You'd like a quick guide to generating some quality images, so let's try to get you there with this walkthrough on writing better prompts.
To write effective prompts it's essential to understand how to structure your prompts, use specific keywords, and customize the desired style and outcome. Diffusion models relies heavily on well-crafted prompts to produce high-quality images.
Our first piece of advice is to pay attention to the order of your terms, and to use commas. The order of the words in the prompt directly corresponds to their weight when generating the final image, so a main subject should always be near the start of the prompt. If we want to add more details, using commas helps separate the terms for the model to read. It needs this punctuation to understand where clauses start and stop.

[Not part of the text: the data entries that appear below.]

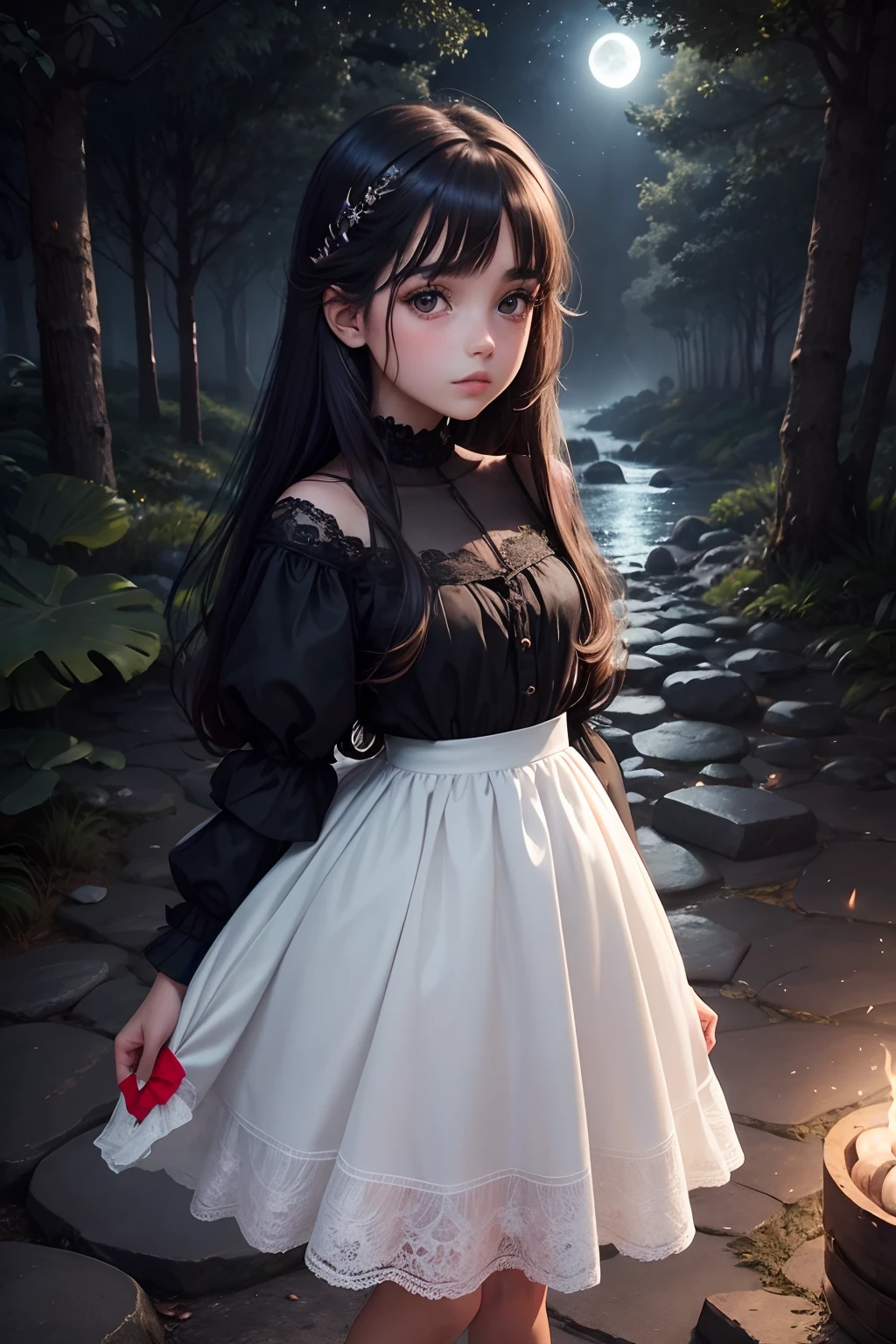 1 preteen girl, muy hermosa, piel suave y cuerpo delgado, cabello largo y negro, ojos rojos, vestido largo de terciopelo negro, diamantes, abrigo, paisaje de bosque nocturno, caldero en una fogata, luna llena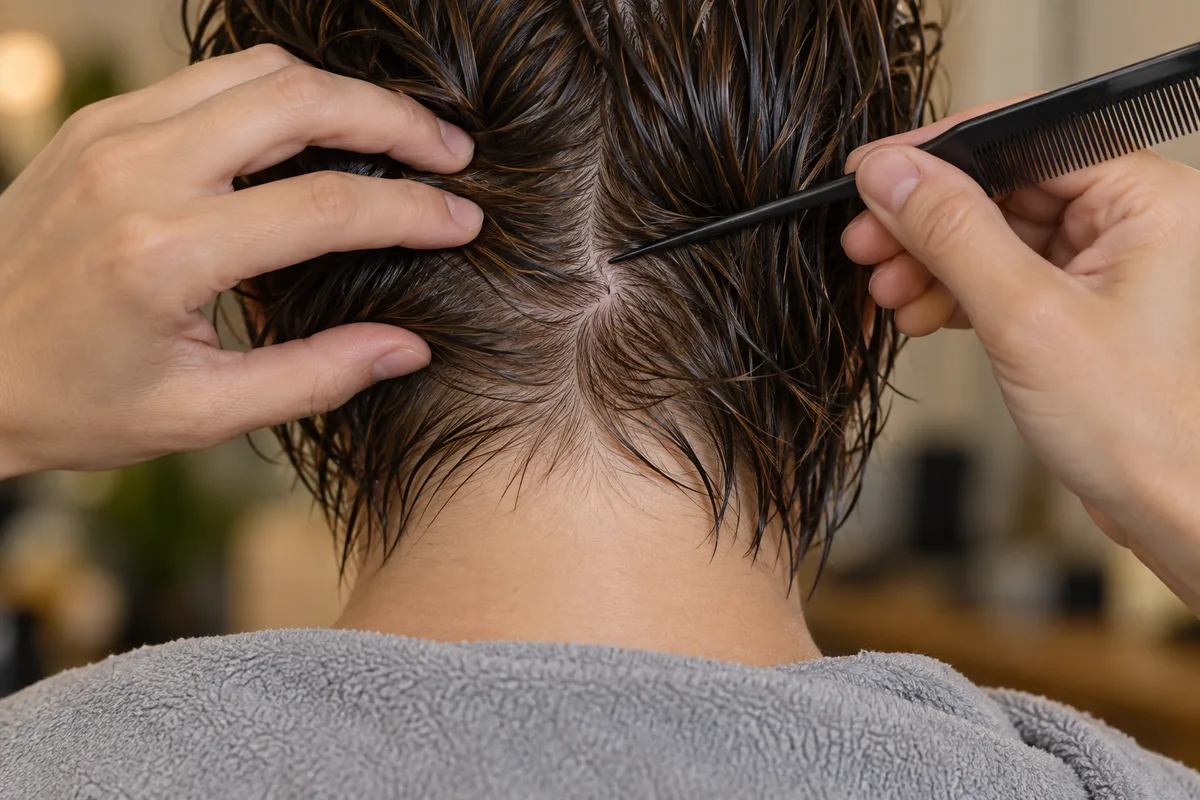 Mains d’un coiffeur séparant des cheveux châtains mouillés à la nuque pour repérer le sens de pousse, vue rapprochée de dos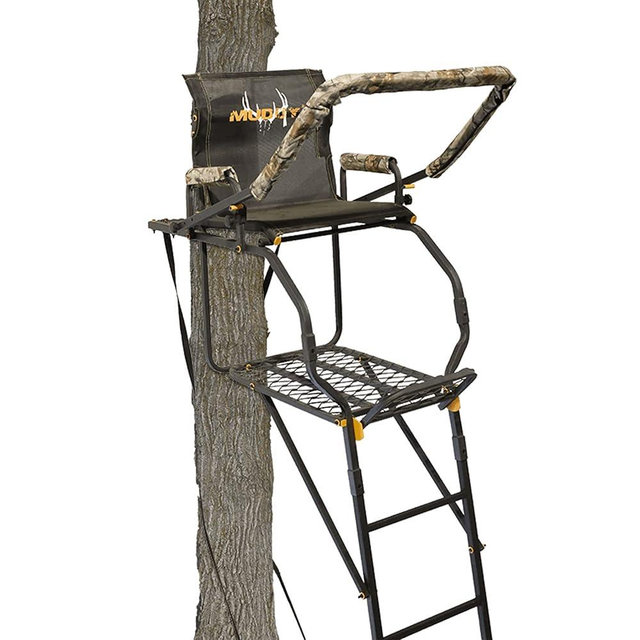 MUDDY Hunting Tree Stand, Single Ladder w/Safety Rail & Flip-Back Seat, 17" Tall, 300-Lb Capacity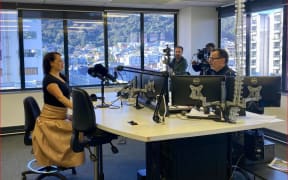 Tory Whanau getting a grilling in Newstalk ZB's Wellington studio in Monday.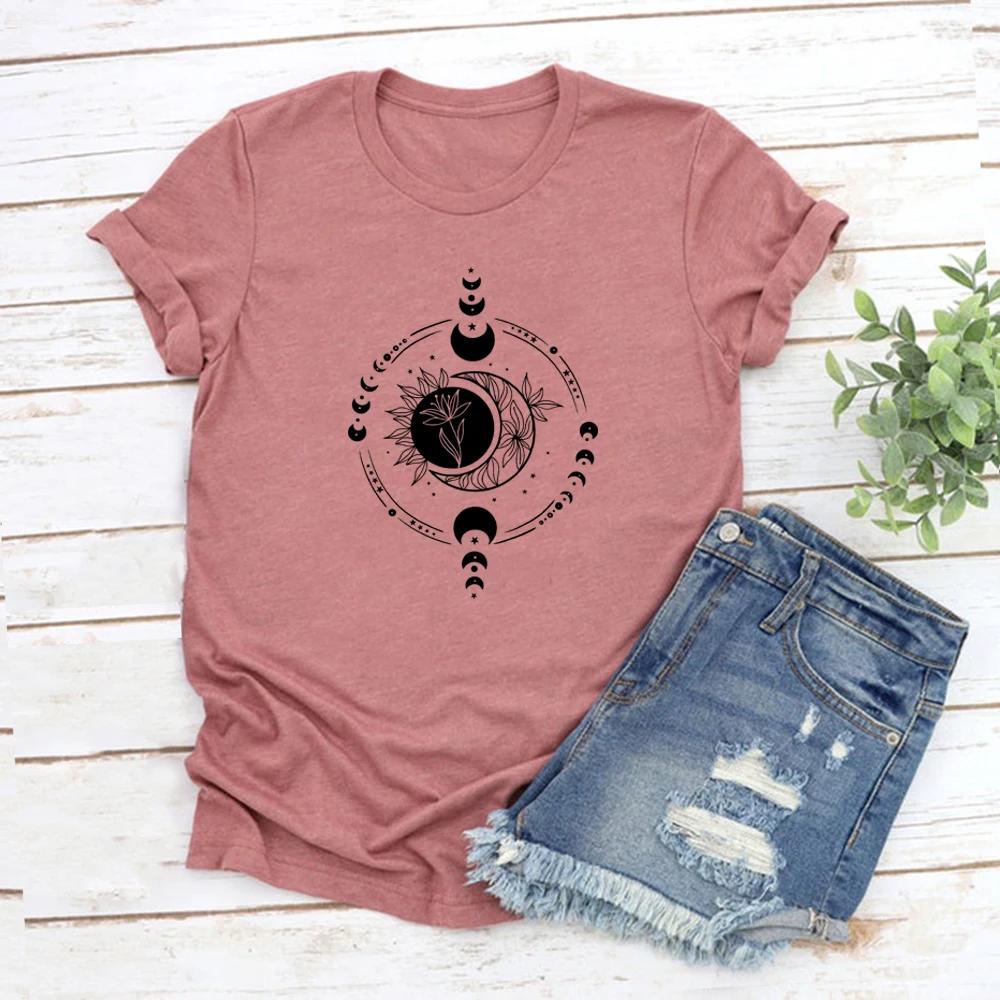 Mystic Moon and Sun T Shirt Mystical Moon Phase TShirt Women ONeck Tshirts Short Sleeve Moon T Shirt Women Clothes Streetwear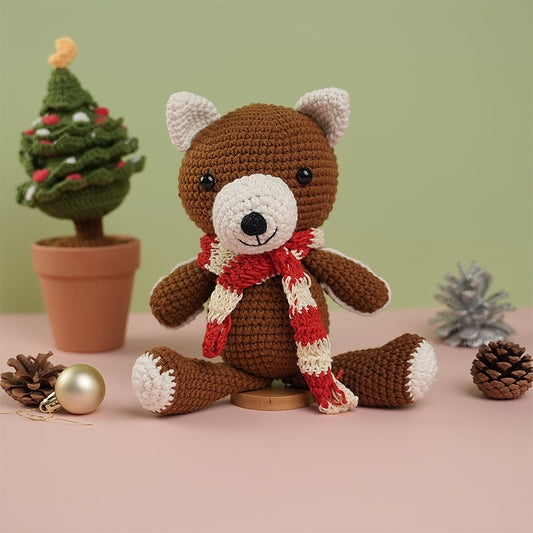 Brown Teddy Bear Wearing Red & White Christmas Scarf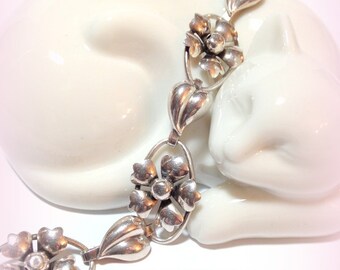 Carl Art Sterling Bracelet, 6 " Link Bracelet, Flower Bracelet, Decorative Carl Art Jewelry, Heart Shaped Leaves, Silver Anniversary Gift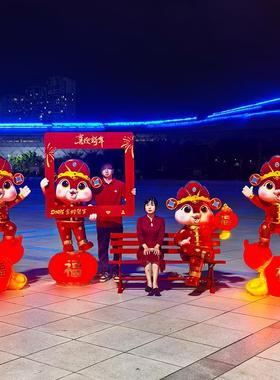 玻璃钢发光新年蛇雕塑摆件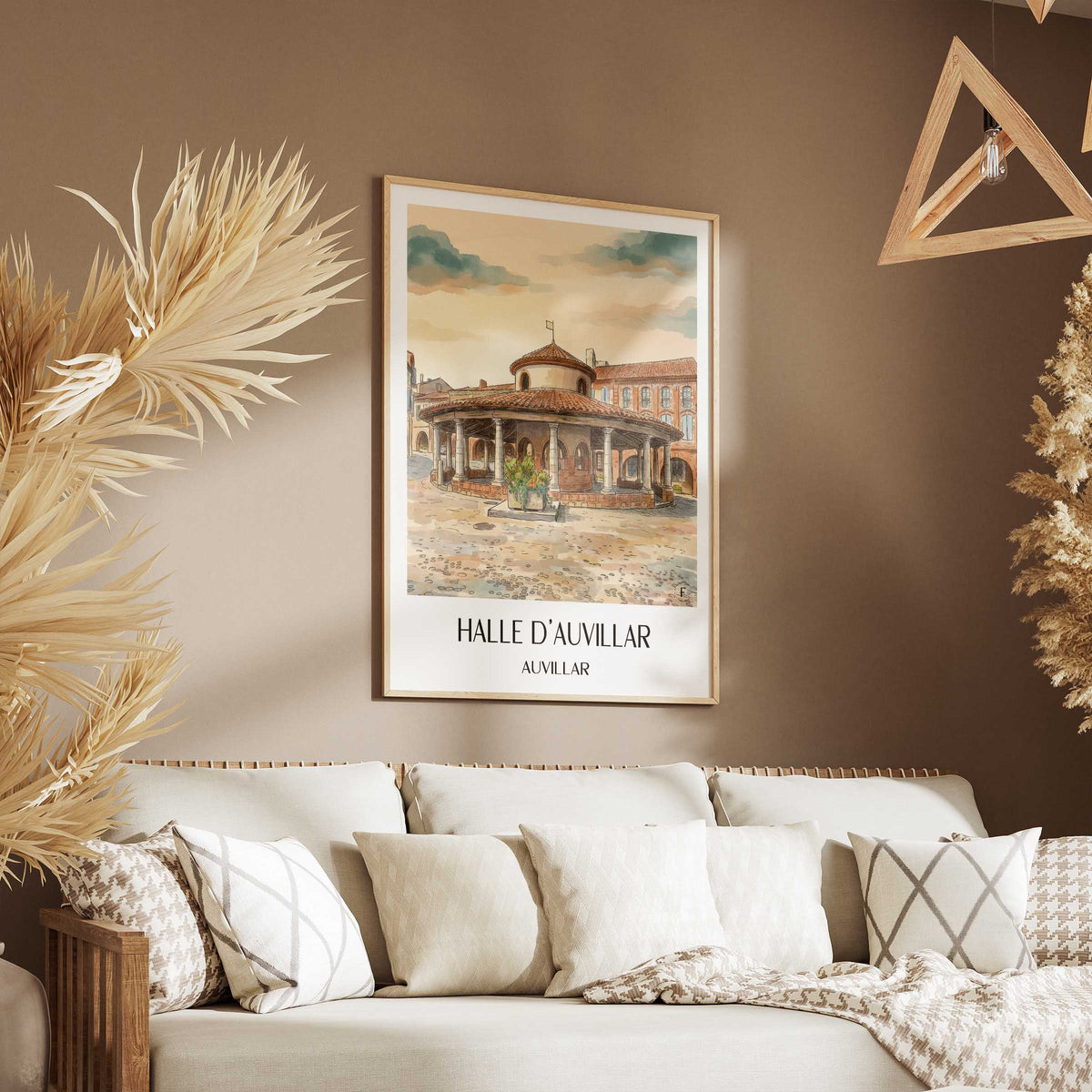 halle-d'auvillar-auvillar-frankreich-poster-aquarell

In our experience, there is a noticeable tradeoff between amount of detail in the prompt the corresponding amount of detail in the image, and the resulting quality of scene composition. More words seems to translate to higher output accuracy, but at the expense of the inclusion of more objects or traits for the diffuser to generate on top of the original subject.
Example simple prompt:
"A forest at sunrise."
Example descriptive prompt:
"In the heart of an ancient forest, the first light of dawn filters through the dense canopy, casting a golden glow on the dewy moss-covered ground. Tall, towering trees, their bark rough and weathered, stand like silent sentinels as a soft mist curls around their roots. The air is crisp and filled with the earthy scent of pine needles, and the distant call of a waking bird echoes through the tranquil morning."
Set the advanced settings as (Aspect Ratio: landscape, CFG:1, Steps:20, Seed: 1648909284378535)
Getting text to appear in your images can be tricky. Print text by adding quotation marks around your desired text in the prompt, and by deliberately writing out the type of text you would like to see appear.
This excellent medium post explains in somewhat simple terms the effect of CFG(Classifier Free Guidance) on a diffusion model's output. In simple terms, the higher the CFG value, the more strictly the model sticks to the prompt, the lower the value, the more "creative" the model gets with your promps. For example, a CFG value of 0, means the model will ignore your prompt completely, and generate whatever it wants. Both fun and spooky we say. Another fantastic recommended video for easy viewing How Diffusers work
This is the number of iterations to run before returning the output. Be careful, going too high here can tip the model over the edge into nonsensical output, too little, and your output won't be as well defined.